Keywords

1 Introduction

Nowadays, markets and companies are tightly intertwined, with a huge amount of capital flowing among market players. About 23% of the capital assets and 48% of the liability of a financial institution come from other financial institutions [9] and allow better risk and capital allocation sharing among enterprises. On the other hand, it opens the way to systemic risk, as noticed during the subprime financial crisis in 2008, which had spread globally [11]. Consequently, bankruptcy or financial distress prediction (FDP) could avoid or deal with systemic risk and diminish its consequences [33]. Moreover, it is relevant because stakeholders and the corporate owner could take action before the occurrence of bankruptcy. For instance, it could empower owners to address the financial state of the enterprise in order to avert a bankruptcy scenario [26].

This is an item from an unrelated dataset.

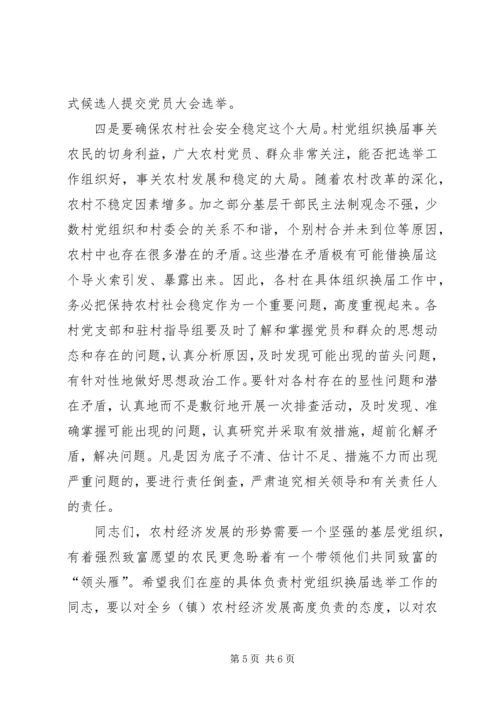 农村党组织换届选举工作会的讲话.docx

The FDP using economic-financial indicators has been extensively researched since the late 1960s [22]. Altman (1968) [4] was the first relevant work about it and used a statistical tool called Multiple Discriminant Analysis (MDA) for bankruptcy prediction, which became very popular among finance professionals. Around the 1990s, scholars started to use Artificial Intelligence (AI) and Machine Learning (ML) methods for bankruptcy prediction or FDP [10, 37]. In some reviews, Alaka et al. (2018) [2] and Shi & Li (2019) [32] have already verified that, on average, ML models have more accuracy than statistical models.

There is a gap in the studies about FDP since most of them deal with stationary data [4, 5], whereas the indicators come through a data flow and are non-stationary [31, 35]. They have temporal order and timestamp associated with it. Agrahari and Singh (2021) [1] state that any data sequence with a timestamp is known as a Data Stream (DS), so FDP should be treated as a data stream problem. Additionally, in real-world applications, FDP has to deal with imbalanced classes and concept drift over time.

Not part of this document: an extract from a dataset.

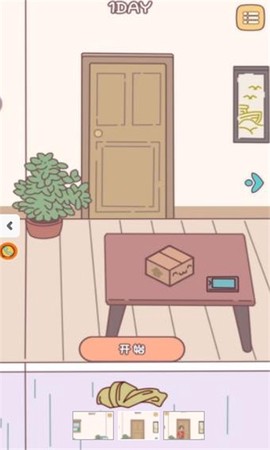 校园阳光小公主图1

This study integrates two fields that are typically developed separately, the FDP and the time dimension of the data, treating it in a data stream environment. The contributions of this study are (i) a benchmark of ML classifiers for FDP in a DS environment; (ii) a benchmark of methods for data imbalance from DS; (iii) an experiment using a real-world database from the CVM; (iv) a realist scenario evaluation; (v) an impact analysis about the prediction horizon increasing.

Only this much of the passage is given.